● **THE TASK**:
Print each entry in full, word for word, with no pictures in the result.

Caption-style text data
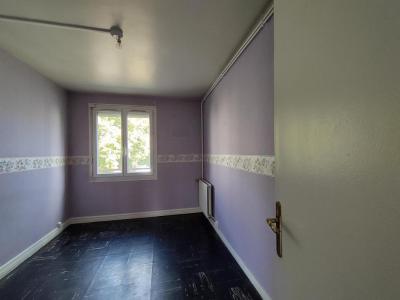 For sale Compiegne 3 rooms 57 m2 Oise (60200) photo 3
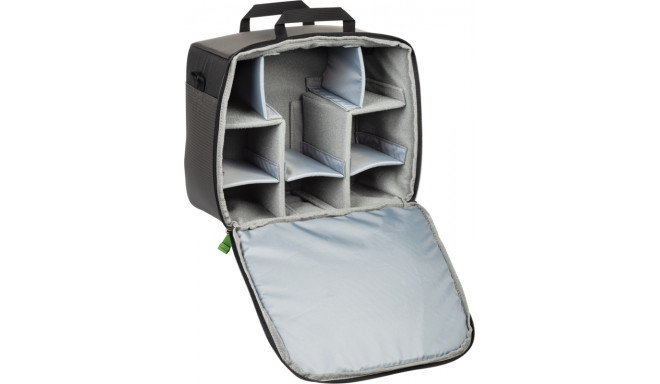Think Tank kaamerakott MindShift Stash Master 13L, hall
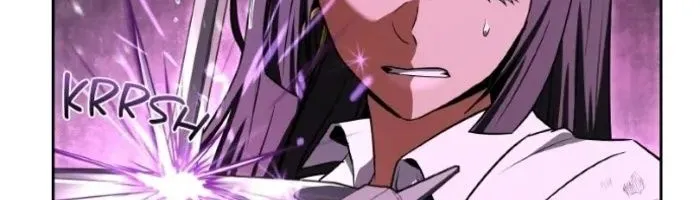 Chòm Sao Là Đệ Tử Của Tôi Chap 154 - Next Chap 155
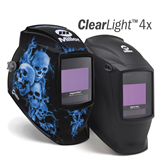 M00471 Digital Elite Series Model CL4.jpg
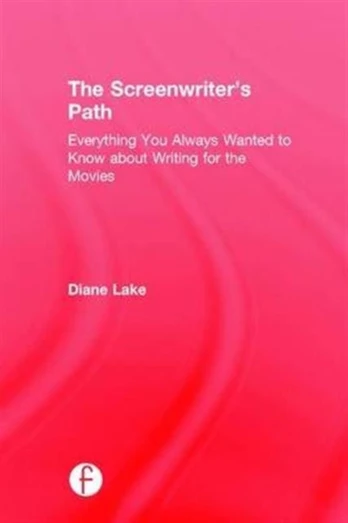Screenwriter's Path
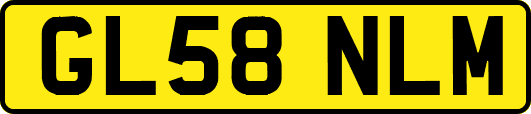 GL58NLM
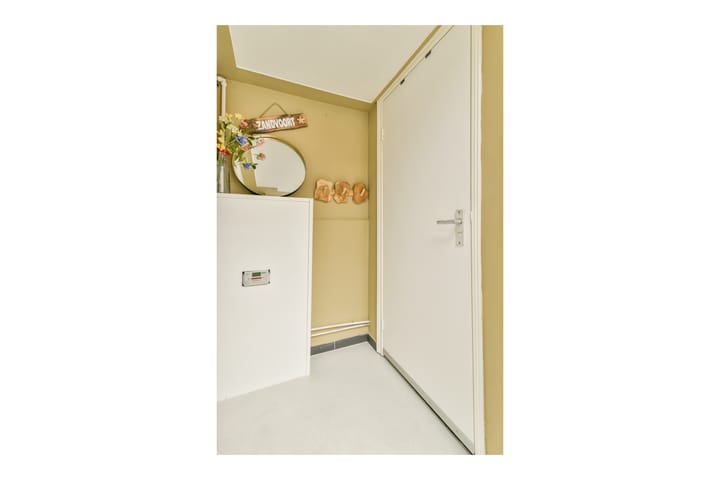 Foto 25 van Swaluëstraat 3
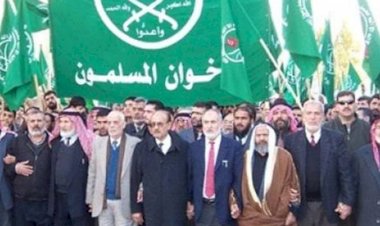 بعد فشل وانحصار  الإخوان بالشرق الأوسط .. خبراء: الجماعة انتهت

● **EXPECTED ANSWER**:
 For sale Compiegne 3 rooms 57 m2 Oise (60200) photo 3
Think Tank kaamerakott MindShift Stash Master 13L, hall
 Chòm Sao Là Đệ Tử Của Tôi Chap 154 - Next Chap 155
 M00471 Digital Elite Series Model CL4.jpg
Screenwriter's Path
 GL58NLM
 Foto 25 van Swaluëstraat 3
 بعد فشل وانحصار  الإخوان بالشرق الأوسط .. خبراء: الجماعة انتهت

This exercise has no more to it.